Exercise prompt: This task calls for every entry below to be repeated exactly.

Data extract:
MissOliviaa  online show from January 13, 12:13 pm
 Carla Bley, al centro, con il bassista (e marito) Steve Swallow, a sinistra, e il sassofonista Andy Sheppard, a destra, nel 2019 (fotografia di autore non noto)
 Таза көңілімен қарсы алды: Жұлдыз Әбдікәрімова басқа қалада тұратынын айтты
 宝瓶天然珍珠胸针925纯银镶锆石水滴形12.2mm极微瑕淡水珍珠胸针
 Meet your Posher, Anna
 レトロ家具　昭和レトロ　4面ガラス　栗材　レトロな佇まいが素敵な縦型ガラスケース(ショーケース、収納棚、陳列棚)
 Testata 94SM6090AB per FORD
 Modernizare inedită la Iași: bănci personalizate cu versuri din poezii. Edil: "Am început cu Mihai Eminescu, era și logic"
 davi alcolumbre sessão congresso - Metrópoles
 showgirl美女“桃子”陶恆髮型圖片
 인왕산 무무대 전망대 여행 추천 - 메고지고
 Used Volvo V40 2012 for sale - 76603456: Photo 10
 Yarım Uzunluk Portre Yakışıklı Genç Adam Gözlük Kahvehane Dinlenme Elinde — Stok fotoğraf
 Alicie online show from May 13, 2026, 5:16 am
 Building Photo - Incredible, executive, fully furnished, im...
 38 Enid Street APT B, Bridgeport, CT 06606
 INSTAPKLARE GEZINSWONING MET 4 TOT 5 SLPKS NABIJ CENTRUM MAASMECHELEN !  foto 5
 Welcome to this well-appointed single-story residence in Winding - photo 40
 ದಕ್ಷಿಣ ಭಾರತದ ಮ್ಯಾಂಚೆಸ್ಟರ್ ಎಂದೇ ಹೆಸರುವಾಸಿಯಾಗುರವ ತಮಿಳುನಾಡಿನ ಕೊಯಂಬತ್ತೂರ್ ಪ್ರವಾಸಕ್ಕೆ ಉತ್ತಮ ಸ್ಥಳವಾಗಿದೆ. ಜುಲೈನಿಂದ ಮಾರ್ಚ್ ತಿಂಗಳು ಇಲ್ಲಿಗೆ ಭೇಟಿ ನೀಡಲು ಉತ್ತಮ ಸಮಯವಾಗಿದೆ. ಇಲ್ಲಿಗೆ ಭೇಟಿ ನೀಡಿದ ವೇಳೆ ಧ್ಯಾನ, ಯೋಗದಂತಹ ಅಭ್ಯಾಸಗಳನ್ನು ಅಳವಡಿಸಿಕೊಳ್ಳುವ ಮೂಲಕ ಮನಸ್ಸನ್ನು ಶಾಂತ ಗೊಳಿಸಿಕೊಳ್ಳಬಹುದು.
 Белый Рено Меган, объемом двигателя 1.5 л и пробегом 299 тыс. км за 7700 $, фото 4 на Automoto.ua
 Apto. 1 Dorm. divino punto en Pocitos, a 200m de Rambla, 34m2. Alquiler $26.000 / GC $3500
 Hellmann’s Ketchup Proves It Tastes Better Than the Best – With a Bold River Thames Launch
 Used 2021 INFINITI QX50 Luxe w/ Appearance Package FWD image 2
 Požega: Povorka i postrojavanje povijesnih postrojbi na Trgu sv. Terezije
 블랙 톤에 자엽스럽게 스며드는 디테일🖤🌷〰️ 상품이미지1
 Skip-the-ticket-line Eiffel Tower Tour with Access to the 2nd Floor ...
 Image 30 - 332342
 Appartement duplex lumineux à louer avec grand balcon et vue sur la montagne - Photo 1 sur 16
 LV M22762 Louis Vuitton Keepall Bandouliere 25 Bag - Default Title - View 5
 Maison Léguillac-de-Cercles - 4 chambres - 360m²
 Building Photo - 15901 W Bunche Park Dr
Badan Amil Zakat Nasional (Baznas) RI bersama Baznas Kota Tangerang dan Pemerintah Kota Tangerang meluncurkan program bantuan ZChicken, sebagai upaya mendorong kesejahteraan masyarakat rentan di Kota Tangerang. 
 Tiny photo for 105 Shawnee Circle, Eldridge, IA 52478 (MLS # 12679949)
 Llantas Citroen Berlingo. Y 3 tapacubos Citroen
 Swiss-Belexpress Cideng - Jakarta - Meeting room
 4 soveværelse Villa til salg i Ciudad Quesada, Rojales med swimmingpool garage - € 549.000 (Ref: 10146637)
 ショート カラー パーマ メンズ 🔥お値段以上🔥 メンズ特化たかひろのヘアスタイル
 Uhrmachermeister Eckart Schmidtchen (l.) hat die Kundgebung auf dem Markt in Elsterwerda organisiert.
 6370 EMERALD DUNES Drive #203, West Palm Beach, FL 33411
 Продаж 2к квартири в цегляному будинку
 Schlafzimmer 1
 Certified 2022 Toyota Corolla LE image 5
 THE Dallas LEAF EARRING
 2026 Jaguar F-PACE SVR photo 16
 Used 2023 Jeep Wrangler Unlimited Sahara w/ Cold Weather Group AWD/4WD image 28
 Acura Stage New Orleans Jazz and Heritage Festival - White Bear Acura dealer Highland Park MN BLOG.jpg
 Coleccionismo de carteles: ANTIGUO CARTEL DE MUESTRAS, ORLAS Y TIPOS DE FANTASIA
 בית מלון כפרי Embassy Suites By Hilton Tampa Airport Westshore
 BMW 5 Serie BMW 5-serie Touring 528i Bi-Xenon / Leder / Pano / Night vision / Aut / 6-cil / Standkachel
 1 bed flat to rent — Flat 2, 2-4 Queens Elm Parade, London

Exercise result:
MissOliviaa  online show from January 13, 12:13 pm
 Carla Bley, al centro, con il bassista (e marito) Steve Swallow, a sinistra, e il sassofonista Andy Sheppard, a destra, nel 2019 (fotografia di autore non noto)
 Таза көңілімен қарсы алды: Жұлдыз Әбдікәрімова басқа қалада тұратынын айтты
 宝瓶天然珍珠胸针925纯银镶锆石水滴形12.2mm极微瑕淡水珍珠胸针
 Meet your Posher, Anna
 レトロ家具　昭和レトロ　4面ガラス　栗材　レトロな佇まいが素敵な縦型ガラスケース(ショーケース、収納棚、陳列棚)
 Testata 94SM6090AB per FORD
 Modernizare inedită la Iași: bănci personalizate cu versuri din poezii. Edil: "Am început cu Mihai Eminescu, era și logic"
 davi alcolumbre sessão congresso - Metrópoles
 showgirl美女“桃子”陶恆髮型圖片
 인왕산 무무대 전망대 여행 추천 - 메고지고
 Used Volvo V40 2012 for sale - 76603456: Photo 10
 Yarım Uzunluk Portre Yakışıklı Genç Adam Gözlük Kahvehane Dinlenme Elinde — Stok fotoğraf
 Alicie online show from May 13, 2026, 5:16 am
 Building Photo - Incredible, executive, fully furnished, im...
 38 Enid Street APT B, Bridgeport, CT 06606
 INSTAPKLARE GEZINSWONING MET 4 TOT 5 SLPKS NABIJ CENTRUM MAASMECHELEN !  foto 5
 Welcome to this well-appointed single-story residence in Winding - photo 40
 ದಕ್ಷಿಣ ಭಾರತದ ಮ್ಯಾಂಚೆಸ್ಟರ್ ಎಂದೇ ಹೆಸರುವಾಸಿಯಾಗುರವ ತಮಿಳುನಾಡಿನ ಕೊಯಂಬತ್ತೂರ್ ಪ್ರವಾಸಕ್ಕೆ ಉತ್ತಮ ಸ್ಥಳವಾಗಿದೆ. ಜುಲೈನಿಂದ ಮಾರ್ಚ್ ತಿಂಗಳು ಇಲ್ಲಿಗೆ ಭೇಟಿ ನೀಡಲು ಉತ್ತಮ ಸಮಯವಾಗಿದೆ. ಇಲ್ಲಿಗೆ ಭೇಟಿ ನೀಡಿದ ವೇಳೆ ಧ್ಯಾನ, ಯೋಗದಂತಹ ಅಭ್ಯಾಸಗಳನ್ನು ಅಳವಡಿಸಿಕೊಳ್ಳುವ ಮೂಲಕ ಮನಸ್ಸನ್ನು ಶಾಂತ ಗೊಳಿಸಿಕೊಳ್ಳಬಹುದು.
 Белый Рено Меган, объемом двигателя 1.5 л и пробегом 299 тыс. км за 7700 $, фото 4 на Automoto.ua
 Apto. 1 Dorm. divino punto en Pocitos, a 200m de Rambla, 34m2. Alquiler $26.000 / GC $3500
 Hellmann’s Ketchup Proves It Tastes Better Than the Best – With a Bold River Thames Launch
 Used 2021 INFINITI QX50 Luxe w/ Appearance Package FWD image 2
 Požega: Povorka i postrojavanje povijesnih postrojbi na Trgu sv. Terezije
 블랙 톤에 자엽스럽게 스며드는 디테일🖤🌷〰️ 상품이미지1
 Skip-the-ticket-line Eiffel Tower Tour with Access to the 2nd Floor ...
 Image 30 - 332342
 Appartement duplex lumineux à louer avec grand balcon et vue sur la montagne - Photo 1 sur 16
 LV M22762 Louis Vuitton Keepall Bandouliere 25 Bag - Default Title - View 5
 Maison Léguillac-de-Cercles - 4 chambres - 360m²
 Building Photo - 15901 W Bunche Park Dr
Badan Amil Zakat Nasional (Baznas) RI bersama Baznas Kota Tangerang dan Pemerintah Kota Tangerang meluncurkan program bantuan ZChicken, sebagai upaya mendorong kesejahteraan masyarakat rentan di Kota Tangerang. 
 Tiny photo for 105 Shawnee Circle, Eldridge, IA 52478 (MLS # 12679949)
 Llantas Citroen Berlingo. Y 3 tapacubos Citroen
 Swiss-Belexpress Cideng - Jakarta - Meeting room
 4 soveværelse Villa til salg i Ciudad Quesada, Rojales med swimmingpool garage - € 549.000 (Ref: 10146637)
 ショート カラー パーマ メンズ 🔥お値段以上🔥 メンズ特化たかひろのヘアスタイル
 Uhrmachermeister Eckart Schmidtchen (l.) hat die Kundgebung auf dem Markt in Elsterwerda organisiert.
 6370 EMERALD DUNES Drive #203, West Palm Beach, FL 33411
 Продаж 2к квартири в цегляному будинку
 Schlafzimmer 1
 Certified 2022 Toyota Corolla LE image 5
 THE Dallas LEAF EARRING
 2026 Jaguar F-PACE SVR photo 16
 Used 2023 Jeep Wrangler Unlimited Sahara w/ Cold Weather Group AWD/4WD image 28
 Acura Stage New Orleans Jazz and Heritage Festival - White Bear Acura dealer Highland Park MN BLOG.jpg
 Coleccionismo de carteles: ANTIGUO CARTEL DE MUESTRAS, ORLAS Y TIPOS DE FANTASIA
 בית מלון כפרי Embassy Suites By Hilton Tampa Airport Westshore
 BMW 5 Serie BMW 5-serie Touring 528i Bi-Xenon / Leder / Pano / Night vision / Aut / 6-cil / Standkachel
 1 bed flat to rent — Flat 2, 2-4 Queens Elm Parade, London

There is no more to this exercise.